== Segment start ==

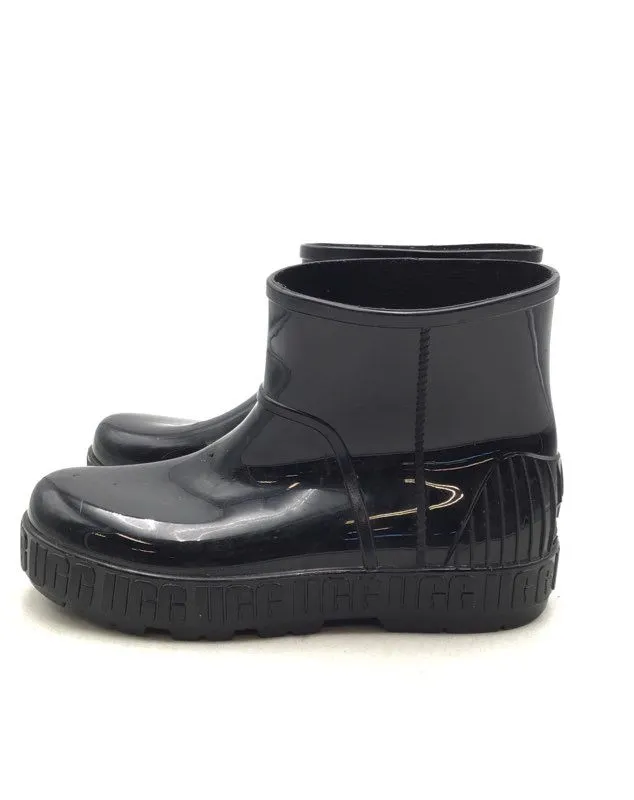 UGG Women's Drizlita 1125731 Black Waterproof Rain Boot - Size 10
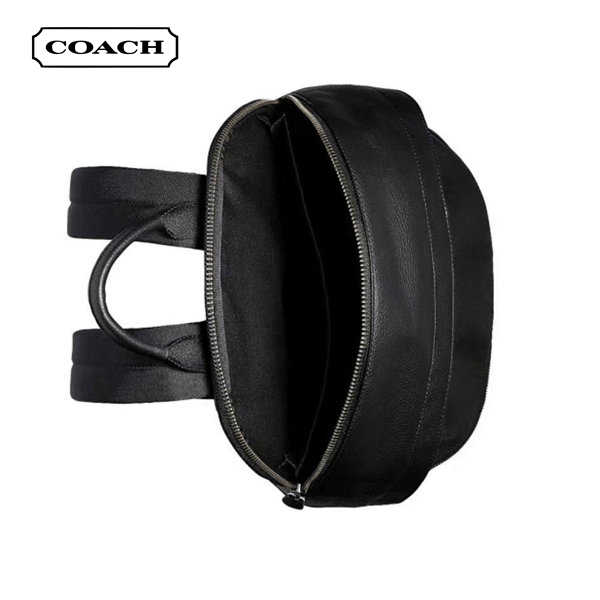 COACH 蔻馳 West 皮質拉鏈雙肩包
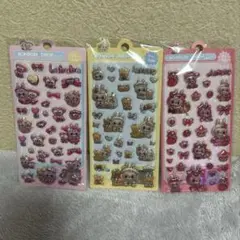 ラブブ　3D 立体シール　3枚セット　②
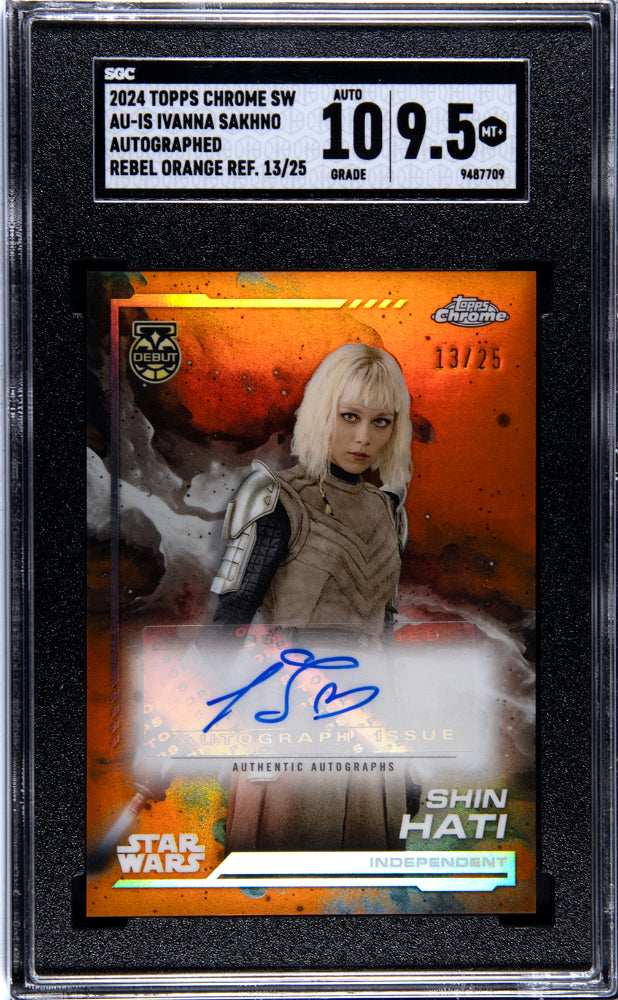 2024 Topps Chrome Star Wars Ivanna Sakhno #AU-IS SGC 9.5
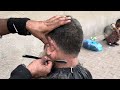 2 years hair homeless man insane transformation asmr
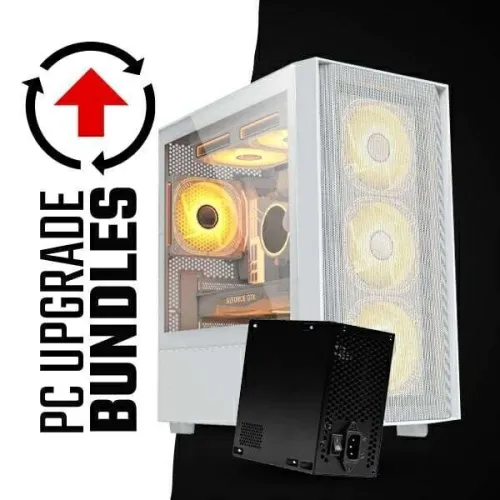 BOITIER ARES C202 BLANC 4X ARGB FANS PLUS ALIMENTATION ARES 650W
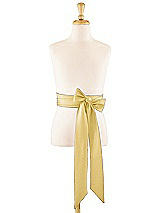 Front View Thumbnail - Maize Satin Twill Flower Girl Sash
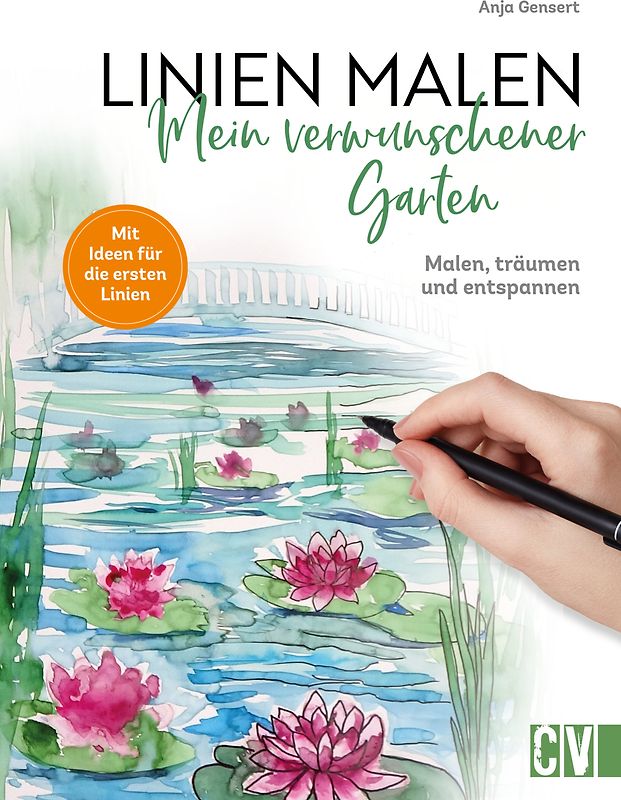 Linien malen – Mein verwunschener Garten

== Segment end ==

Action item: Each entry gets copied exactly; the pictures stay out.

Result of this task:
 UGG Women's Drizlita 1125731 Black Waterproof Rain Boot - Size 10
 COACH 蔻馳 West 皮質拉鏈雙肩包
 ラブブ　3D 立体シール　3枚セット　②
 2024 Topps Chrome Star Wars Ivanna Sakhno #AU-IS SGC 9.5
 2 years hair homeless man insane transformation asmr
 BOITIER ARES C202 BLANC 4X ARGB FANS PLUS ALIMENTATION ARES 650W
 Front View Thumbnail - Maize Satin Twill Flower Girl Sash
 Linien malen – Mein verwunschener Garten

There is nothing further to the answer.